Exercise objective ▸
Answer with the exact lines of the following material from the one containing "مسلسل|صلاح الدين الأيوبي" through the one containing "牧水・利玄・赤彦 : 歌集に見る作品の形成と特質<底流叢書>", both end lines included.

*** Source information ***

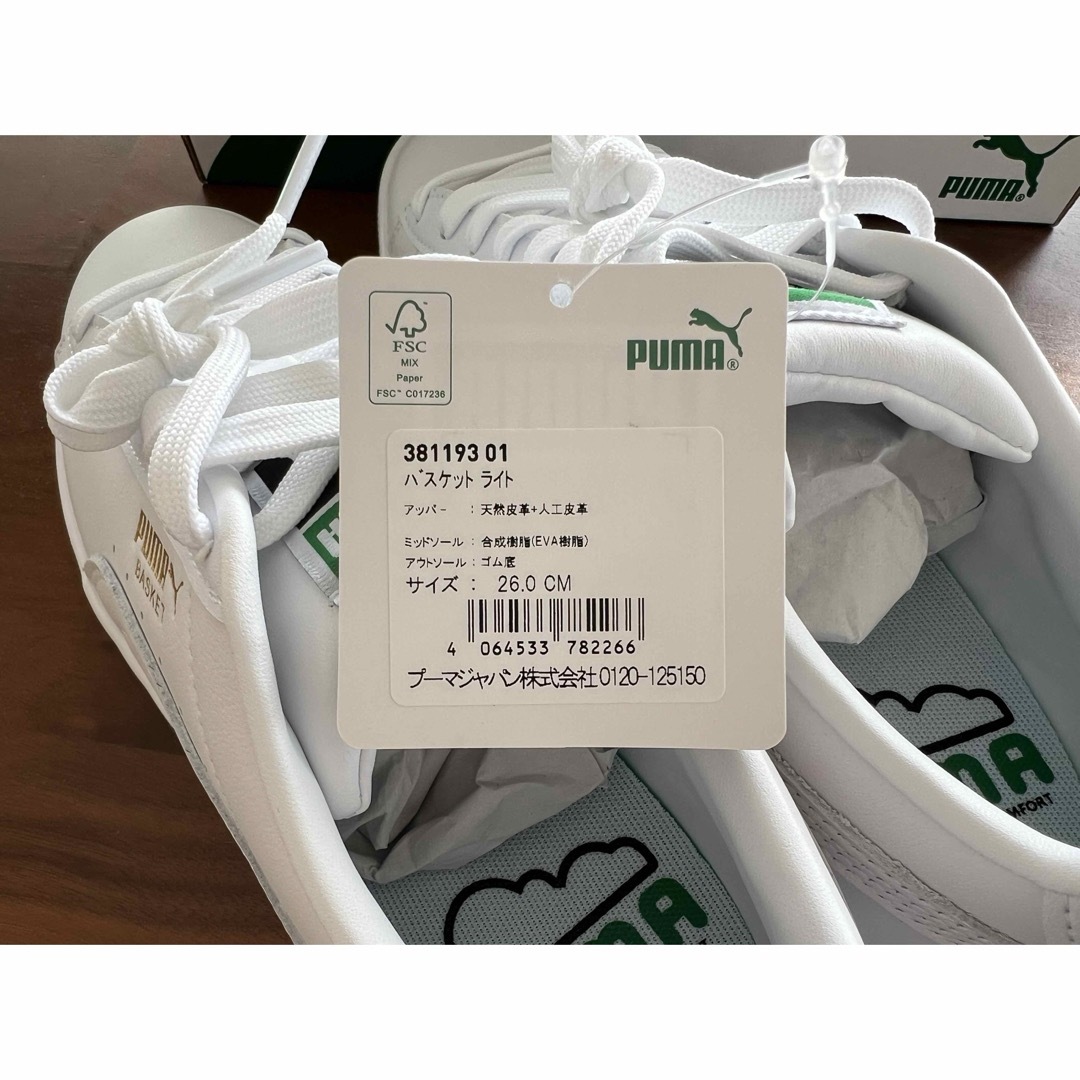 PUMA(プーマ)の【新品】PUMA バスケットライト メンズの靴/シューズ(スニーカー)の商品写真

*** End of Source information ***
*** Source information ***

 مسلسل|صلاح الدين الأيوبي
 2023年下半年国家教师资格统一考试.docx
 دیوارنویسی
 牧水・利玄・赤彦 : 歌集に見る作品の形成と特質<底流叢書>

*** End of Source information ***
*** Source information ***

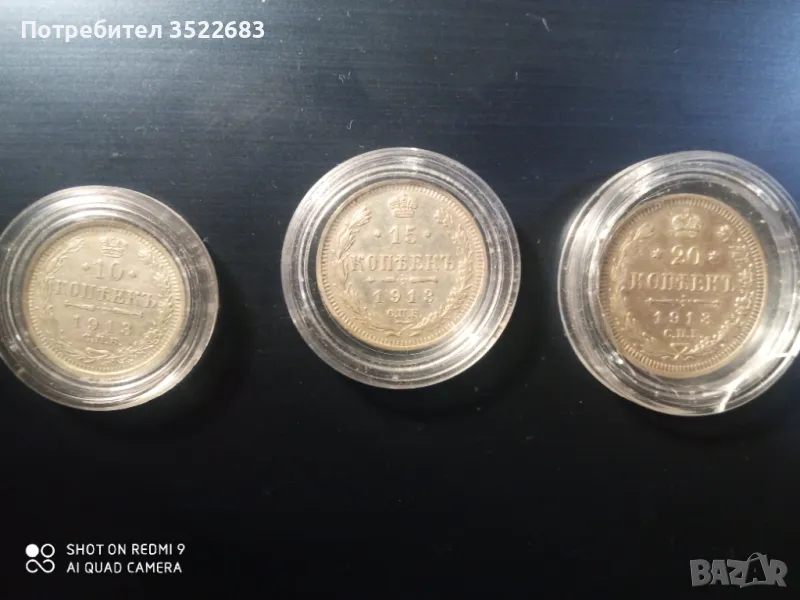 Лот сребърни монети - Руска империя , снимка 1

*** End of Source information ***

Exercise answer ▸
 مسلسل|صلاح الدين الأيوبي
 2023年下半年国家教师资格统一考试.docx
 دیوارنویسی
 牧水・利玄・赤彦 : 歌集に見る作品の形成と特質<底流叢書>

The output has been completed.